Detoxified pneumolysin derivative ΔA146Ply inhibits triple- negative breast cancer metastasis mainly via mannose receptor-mediated autophagy inhibition
Hong Zhang,
Tao Zhu,
Wenchun Xu,
Bichen Liu,
Kaifeng Wu,
Yibing Yin,
Xuemei Zhang
Affiliations
Hong Zhang
Department of Laboratory Medicine, the Affiliated Hospital of North Sichuan Medical College; Department of Laboratory Medicine, North Sichuan Medical College; Translational Medicine Research Center, North Sichuan Medical College, Nanchong, China
Tao Zhu
Department of Laboratory Medicine, Key Laboratory of Diagnostic Medicine (Ministry of Education), Chongqing Medical University, Chongqing, China
Wenchun Xu
Department of Laboratory Medicine, Key Laboratory of Diagnostic Medicine (Ministry of Education), Chongqing Medical University, Chongqing, China
Bichen Liu
Department of Laboratory Medicine, Key Laboratory of Diagnostic Medicine (Ministry of Education), Chongqing Medical University, Chongqing, China
Kaifeng Wu
Department of Laboratory Medicine, The First People’s Hospital of Zunyi (The Third Affiliated Hospital of Zunyi Medical University), Zunyi, China
Yibing Yin
Department of Laboratory Medicine, Key Laboratory of Diagnostic Medicine (Ministry of Education), Chongqing Medical University, Chongqing, China
Xuemei Zhang
Department of Laboratory Medicine, Key Laboratory of Diagnostic Medicine (Ministry of Education), Chongqing Medical University, Chongqing, China
The detoxified pneumolysin derivative ΔA146Ply has been proven to have a direct anti-triple negative breast cancer effect by our group, but its work model remains unclear.
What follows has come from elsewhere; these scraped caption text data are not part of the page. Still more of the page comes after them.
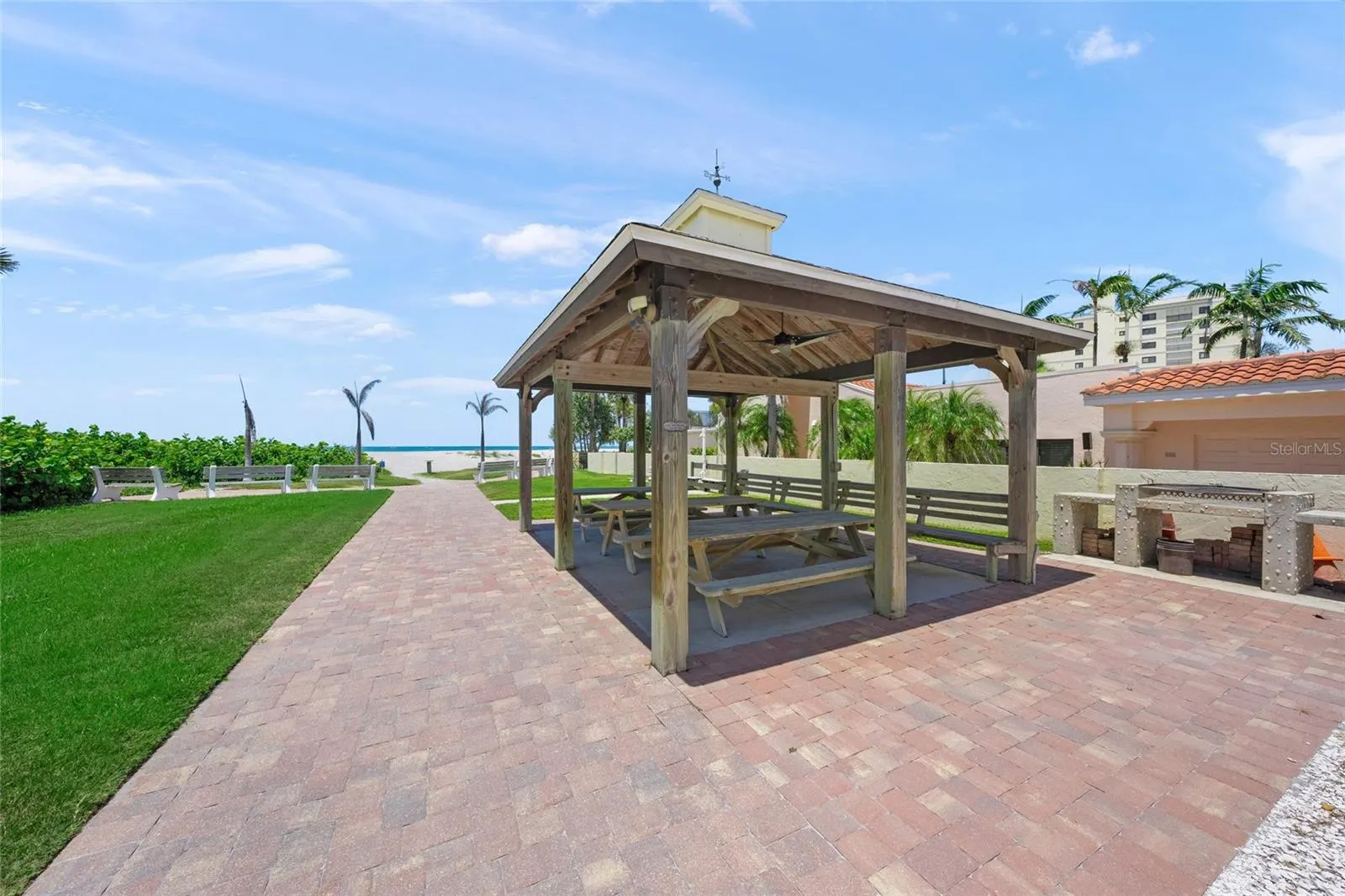 423 SPADARO DR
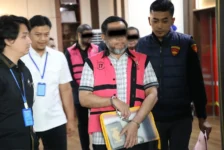Perkara Dugaan Korupsi Tata Kelola MBG pada BGN : Kejagung Serahkan 6 Tersangka ke Penuntut Umum Kejari Jakpus  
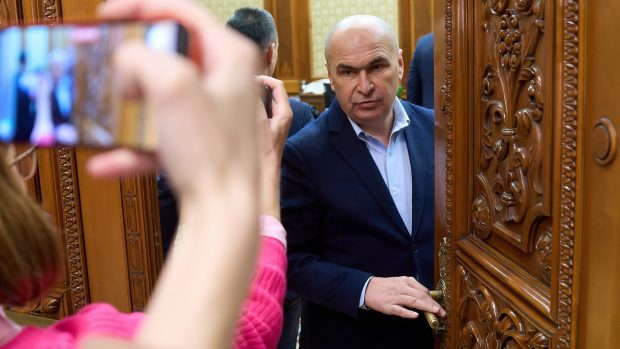 Ilie Bolojan i-a tăiat microfonul unui senator USR care cerea chemarea lui Klaus Iohannis în Parlament pentru anularea alegerilor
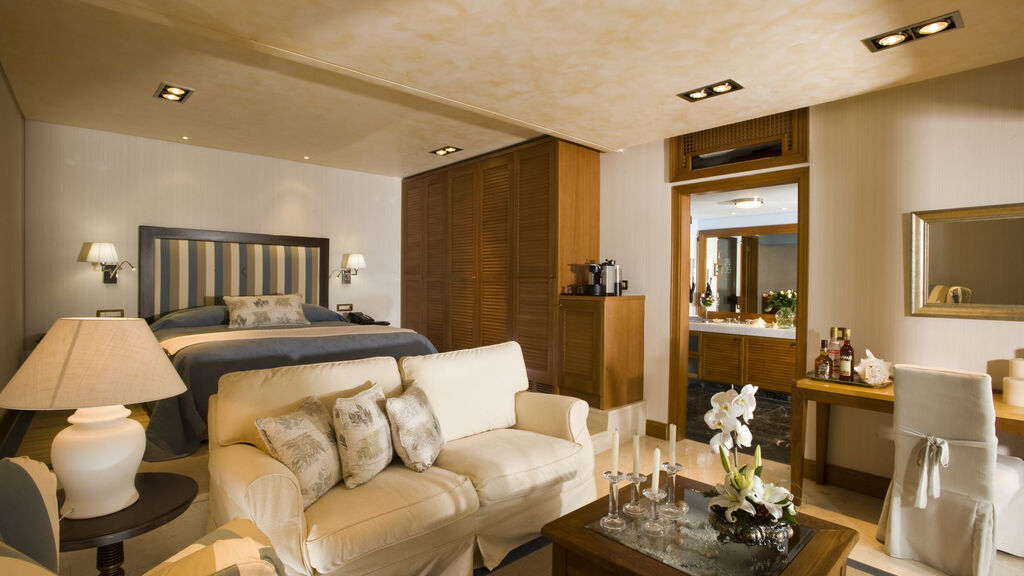 Elounda Beach Hotel & Villas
In this study, we focused on its ability to inhibit triple-negative breast cancer metastasis. We found that ΔA146Ply suppressed the migration and invasion of triple-negative breast cancer cells by activating mannose receptor and toll-like receptor 4. Their activation triggers the activation of the mammalian target of rapamycin signalling, sequentially leading to autophagy, transforming growth factor-β1, and epithelial-mesenchymal transition inhibition. Furthermore, the combination of doxorubicin and ΔA146Ply significantly inhibited triple-negative breast cancer progression and prolonged survival in tumour-bearing mice. Taken together, our study provides an alternative microbiome-based mannose receptor-targeted therapy for triple-negative breast cancer and a novel theoretical and experimental basis for the downstream signalling pathway of the mannose receptor.